(WHAT YOU NEED TO DO):
Print exactly the line that contains "21363444_356751888080627_566547460_o - F", then every following line through the end of the material; include nothing else and no pictures.

(PROVIDED DATA):
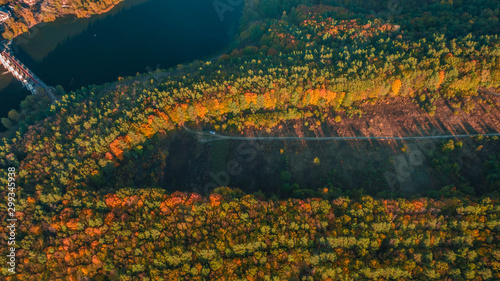 Autumn landscape. Aerial view. Autumn forest on the hill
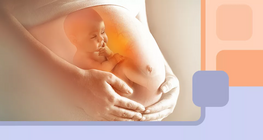 Τι συμβαίνει στο σώμα μιας γυναίκας στη διάρκεια της εγκυμοσύνης;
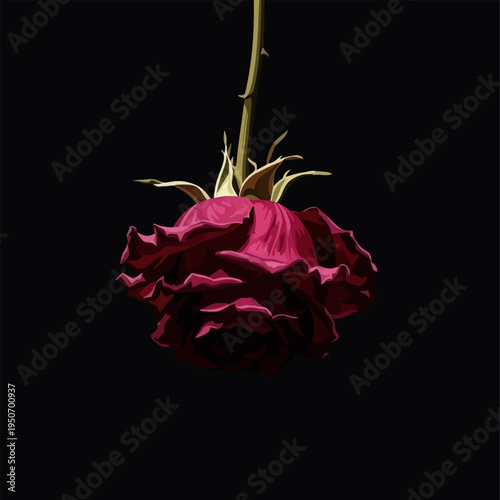 Single Withered Red Rose Hanging Upside Down on Black Background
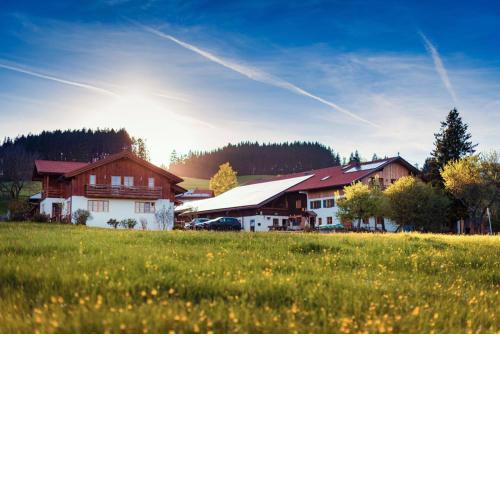 BioBauern- und Pferdehof Schöll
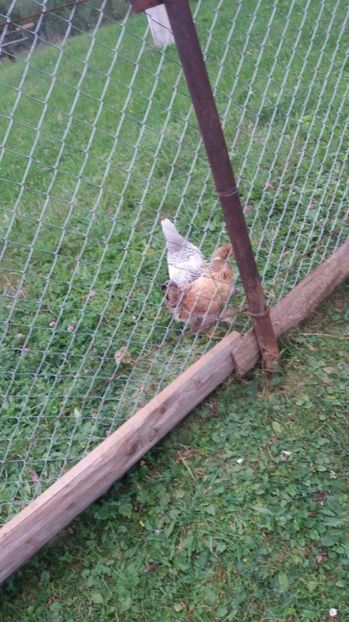 21363444_356751888080627_566547460_o - F Gaini de tara si kabir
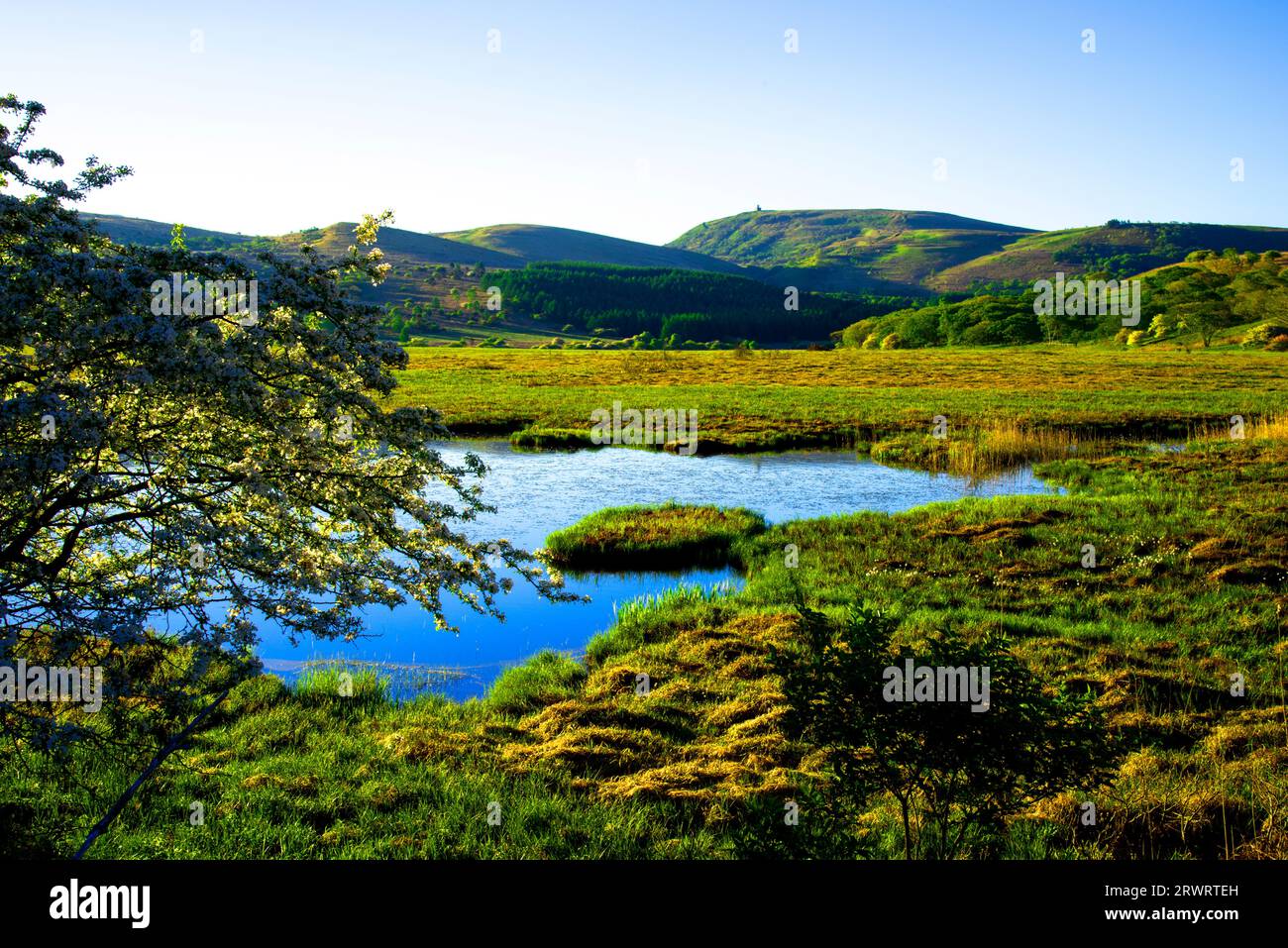 Yashima-ga-ike Pond and Yashima-gahara High Marsh in the morning Stock Photo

(EXPECTED OUTPUT):
 21363444_356751888080627_566547460_o - F Gaini de tara si kabir
 Yashima-ga-ike Pond and Yashima-gahara High Marsh in the morning Stock Photo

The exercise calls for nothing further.